Jill Esbenshade, an SDSU professor and lead author of the study, said much of what drivers earn goes to covering their expenses.
“The biggest portion of the fare you pay and the tips you give to the driver actually goes to paying the lease,” she said.
Esbenshade says the situation is a serious public safety issue, pointing to a 2011 incident in which a driver fell asleep at the wheel and crashed into a crowd outside the Stingaree Nightclub downtown.
At the crux of driver unrest is an unregulated market in which individuals pay high prices to operate cab companies and lease cars to drivers.
The permits, often called medallions, go for as much as $140,000, according to the report. The permits are similar to liquor licenses; they're granted by a public agency and come with regulation. But unlike liquor licenses, the sale of taxi permits in San Diego has not resulted in income for the public. Buyers pay a nominal administrative fee to MTS to transfer the permit, but the larger transaction happens behind closed doors, typically in cash.
The sales do not violate local taxi ordinances. Taxi union representatives stop short of calling the dealings an illegal black market, but say they create a system that exploits drivers, who are often immigrants and refugees.
The permit holders pass their high permit costs down to drivers through inflated lease prices. Taxicab leases are as much as $400 a week, or about 40 percent of the driver's gross earnings, according to the report.
In this arrangement, drivers are classified as independent contractors and do not have access to employment-based health insurance or workers compensation. That's a precarious situation, as drivers report their cars are poorly maintained.
"Drivers face poverty earnings and working conditions that would be illegal if they were statutory employees rather than independent contractors," said Peter Brownell, the research director at CPI.
MTS requires all taxicabs be inspected annually. It also does random field inspections. But according to the report, 98 percent of vehicles inspected in the field were taken out of service.
MTS Taxicab Administration Manager Bill Kellerman refuted the claim, saying the figure doesn't take into account the number of cars that pass field inspections. Inspectors do not file reports for cars found without problems. He said MTS has one of the most stringent inspection programs in the nation.
MTS also holds contracts with the cities of El Cajon, Imperial Beach, La Mesa, Lemon Grove, Poway and Santee.
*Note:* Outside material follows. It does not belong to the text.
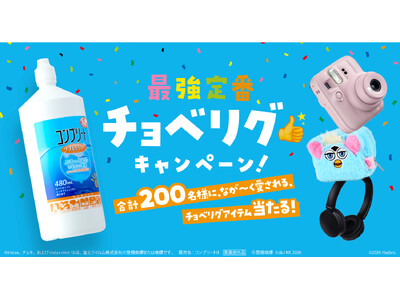 ジョンソン・エンド・ジョンソン、コンタクトレンズケア製品の購入で平成の人気グッズが当たる「最強定番 チョベリグキャンペーン」を7月27日に開始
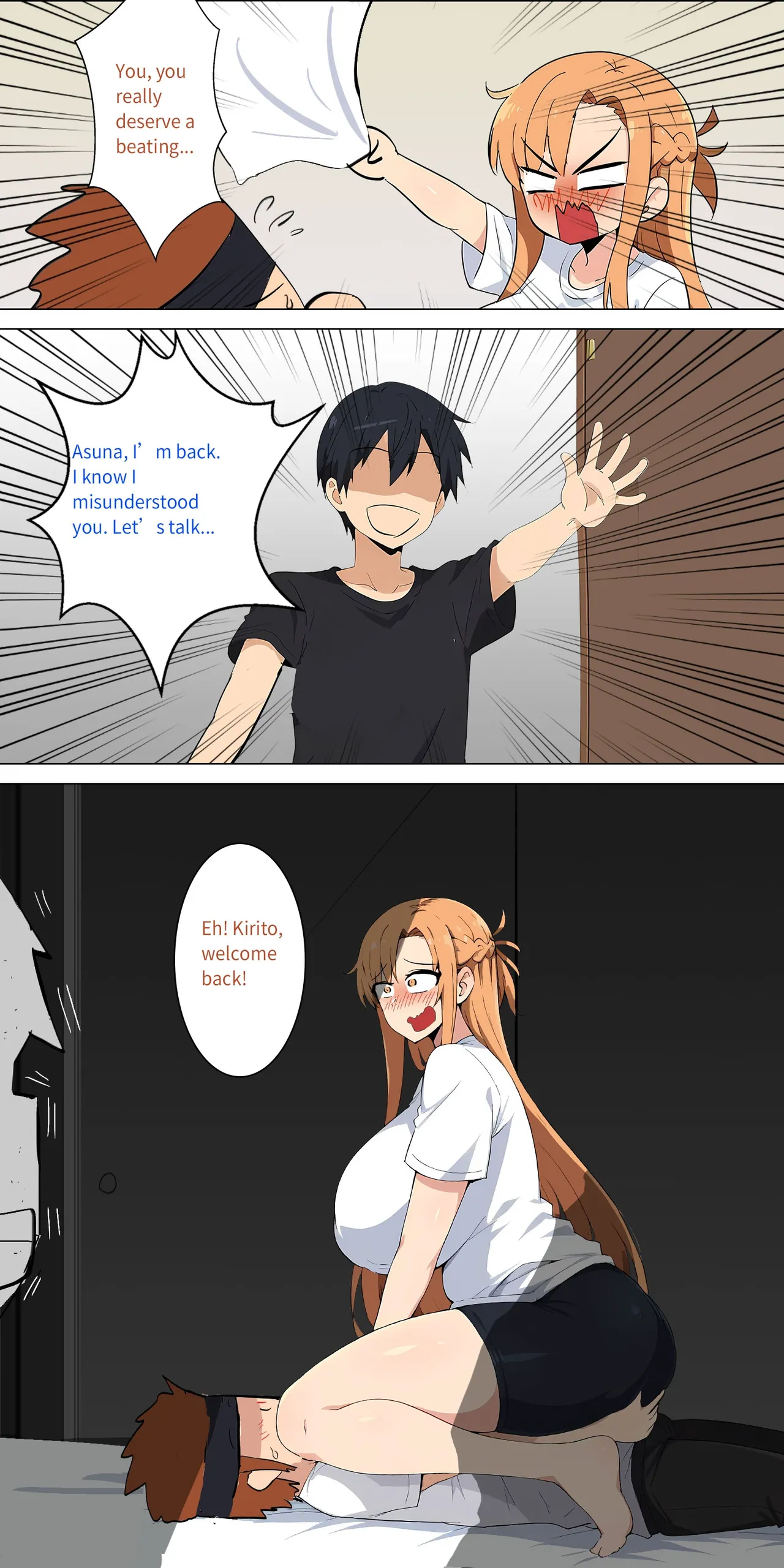 Asuna family 1-36 page 53 featuring yui sword art online parody - milf big breasts hentai manga - read online free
The mayor has assembled a task force to study reforming the taxi industry, which could include transferring the regulation of it from MTS to the city. The mayor will extend the current MTS contract for just one year, instead of the standard five.
That means nothing could change for some time. Taxi driver Ali could face retaliation from his leaseholder for speaking out about working conditions, but he says that doesn’t matter.
“We’re tired of not speaking up," he said. "This is the time for us to speak up and for our voice to be heard.”